The back cover is off the amplifier now that we have removed the rusty screws in the last installment.
I bought the basic and output transformer mods from the billm website in the hope that I can get a tighter low end and more headroom before it started breaking up.
- Tone Stack
- Power Supply Stiffener
- Bias Trimmer
- TO20 Compact Output Transformer
- Swamp Thang Speaker
The Tone Stack mod is the 4 orange capacitors. The Power Supply Stiffener is the large electrolytic capacitor. The Bias Trimmer is the tiny potentiometer with the drill, the wire and the capacitor. The Transformer comes with a couple of fender washers and the ceramic capacitor for oscillation suppression. The Swamp Thang speaker is an experiment of mine. I need a speaker that can reproduce the bass and mids that these mods are going to produce.
Each of these mods comes with its own hard copy color instruction sheet. Which, I must admit, are just slightly confusing at first. There is no mention of where to start except that you must "partially remove the PCB." The instructions refer you to the website on how to remove the PCB, but, what they don't tell you is how to get the knobs off so you don't do any damage. The potentiometers are PCB mount with plastic shafts so they are easily damaged. Definitely don't want that.
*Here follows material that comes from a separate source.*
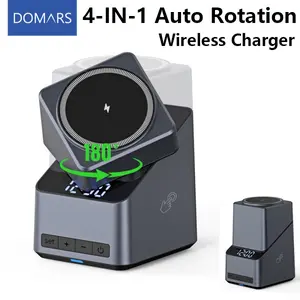 Domars Auto Rotation Wireless Charger iPhone Chargeable Charging Station: 4 in 1 Charger Stand Multiple Devices For Apple - iPhone 17 16e 16 15 14 Pro Max 13 12 11 - Watch 10 9 8 7 6 5 4 3 2 SE and Ultra Series - Airpods 4 3 Pro  Safety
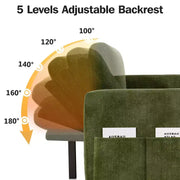 Sofá cama seccional Dyonery de 81", sofá cama en forma de L con chaise longue de almacenamiento reversible, USB, respaldo reclinable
The left photo shows a foam pad under the flat screw driver against the chassis face. This prevents the screw driver from scratching or denting the chassis panel.
Gently push up on the knob with the screw driver while slightly wiggling the knob with your fingers. You want to turn the knob while doing this motion to get the knob to come off evenly. Do this for all the knobs.
The right photo shows removing the input jack. This is a legacy Blues jr. so even the input jack is rusty. I did not run into any problems getting the nut off, thank goodness!
You are going to have a lot of little parts laying around so it is a good idea to get a plastic bag or container of some sort to put them all in. It gets worse if you are interrupted during your mods and are away a week or two. So, keep them all together from the start.
The aluminum piece is the output tubes retainer bar with the springs. You don't have to take the tubes out. You need them in to set the bias. If you don't trust yourself, take them out. You can see the screw that has rusted into the chassis. I put a little WD40 on it and wiggled it out with my vice grip pliers. Man, what a long way to go just to get the chassis out of the box.
At this point, you can remove the chassis from the cabinet after you have disconnected the reverb and the speaker. This way you can put the chassis on a work bench to make things easier to access. I went to Billm's website to watch a video he did on how to remove the PCB once I had the chassis on the bench. You can see that he left the tubes in!